▶ Exercise aim
Only the lines below from the one containing "Phục Hưng Holdings" through the one containing "John Varvatos V358" belong in the answer, repeated exactly and without pictures.

[Information shown — start]

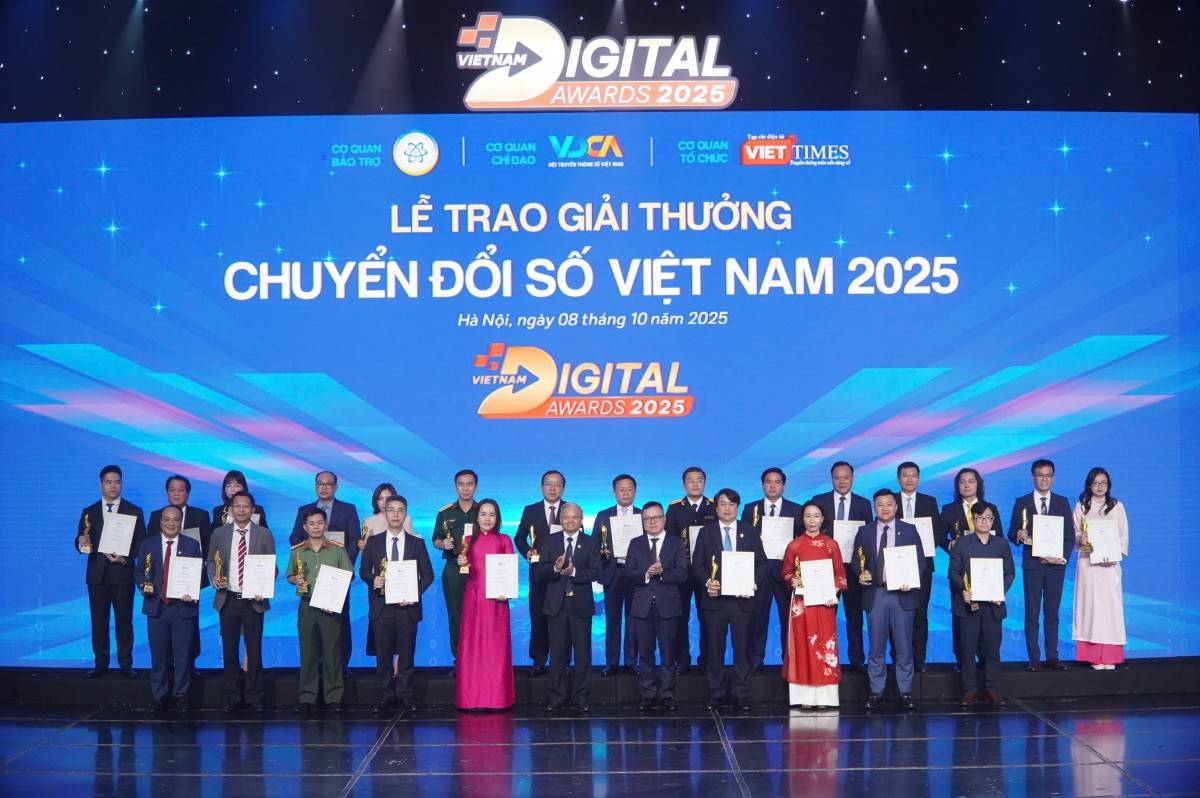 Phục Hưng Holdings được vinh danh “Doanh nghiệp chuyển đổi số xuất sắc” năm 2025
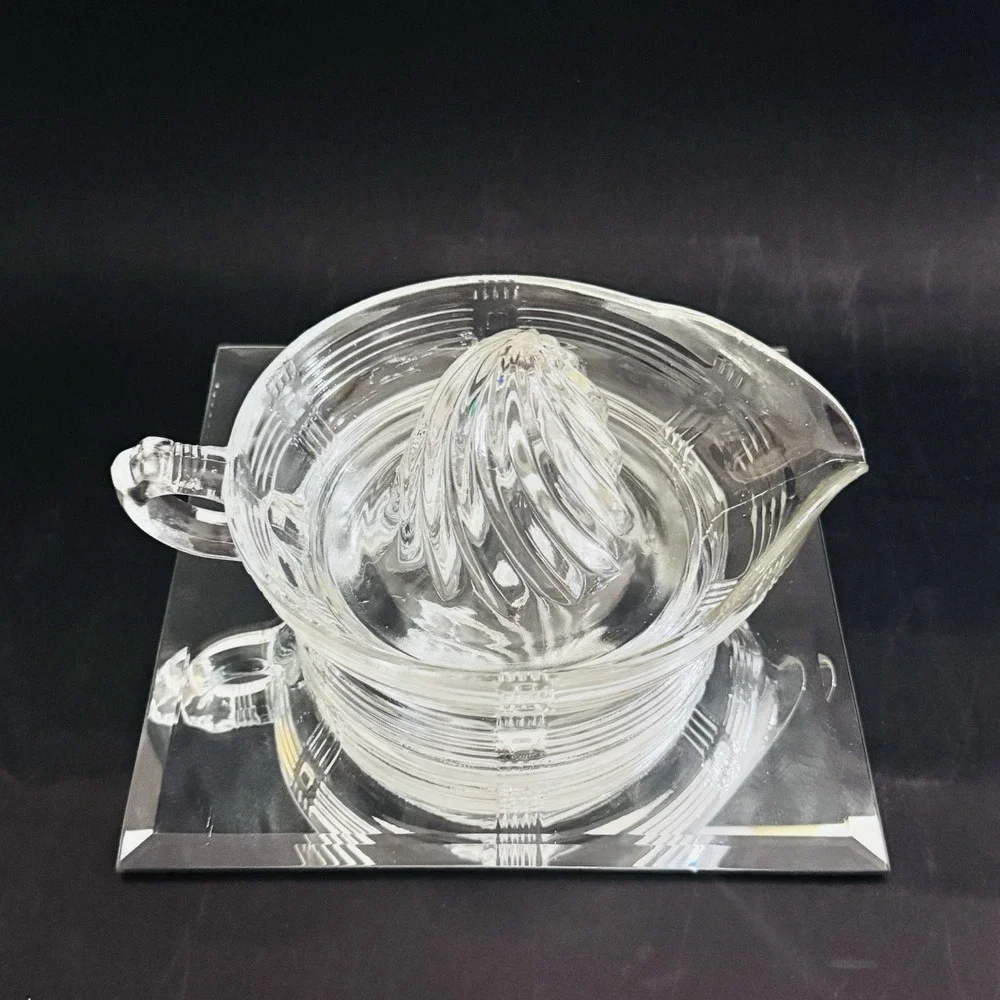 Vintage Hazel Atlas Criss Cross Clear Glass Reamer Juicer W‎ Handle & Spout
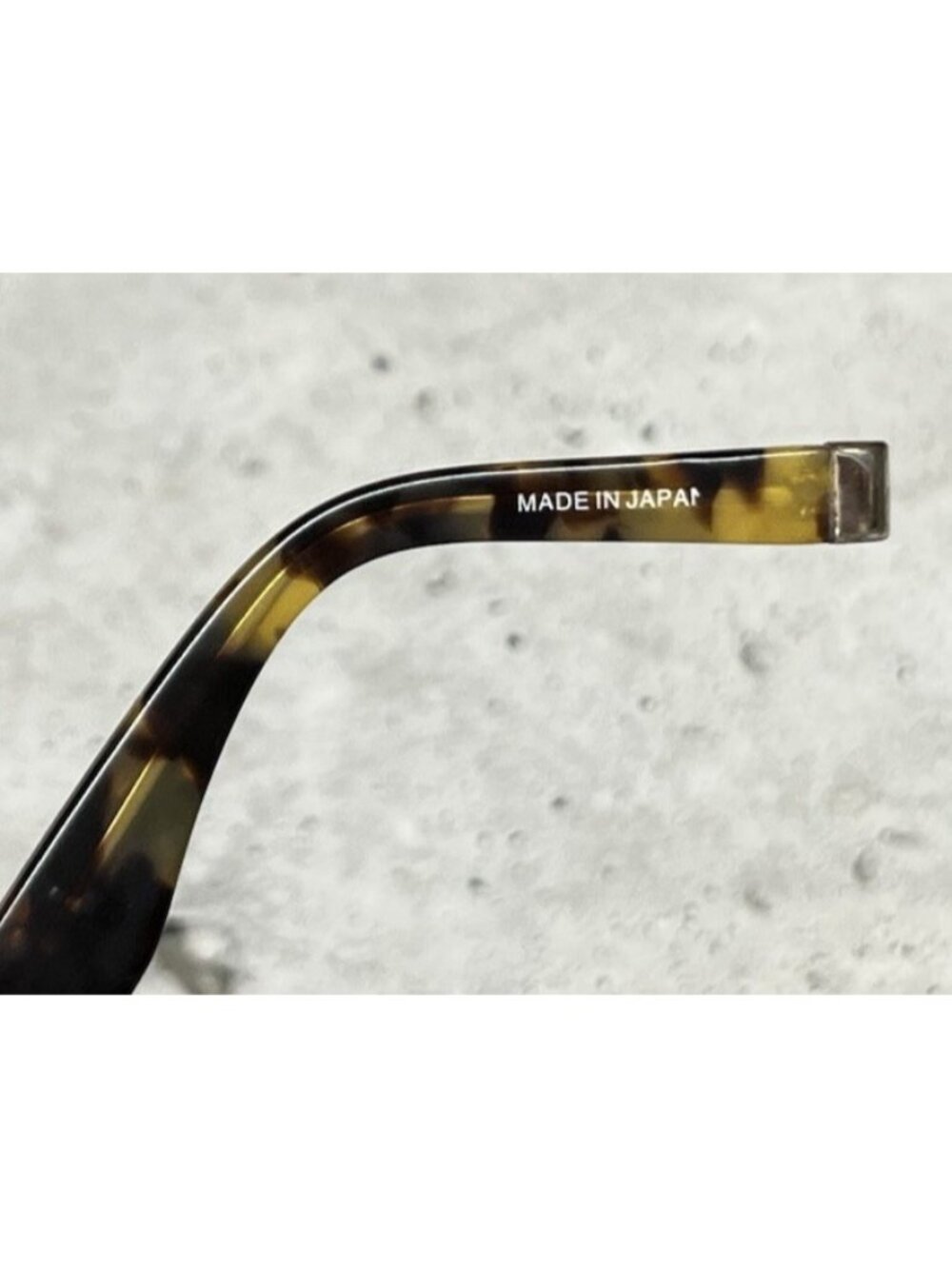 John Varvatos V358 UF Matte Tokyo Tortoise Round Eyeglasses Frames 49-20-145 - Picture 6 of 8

[Information shown — finish]
[Information shown — start]

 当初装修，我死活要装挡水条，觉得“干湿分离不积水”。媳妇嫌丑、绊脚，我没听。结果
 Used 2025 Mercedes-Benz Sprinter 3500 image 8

[Information shown — finish]

▶ Exercise output
 Phục Hưng Holdings được vinh danh “Doanh nghiệp chuyển đổi số xuất sắc” năm 2025
 Vintage Hazel Atlas Criss Cross Clear Glass Reamer Juicer W‎ Handle & Spout
 John Varvatos V358 UF Matte Tokyo Tortoise Round Eyeglasses Frames 49-20-145 - Picture 6 of 8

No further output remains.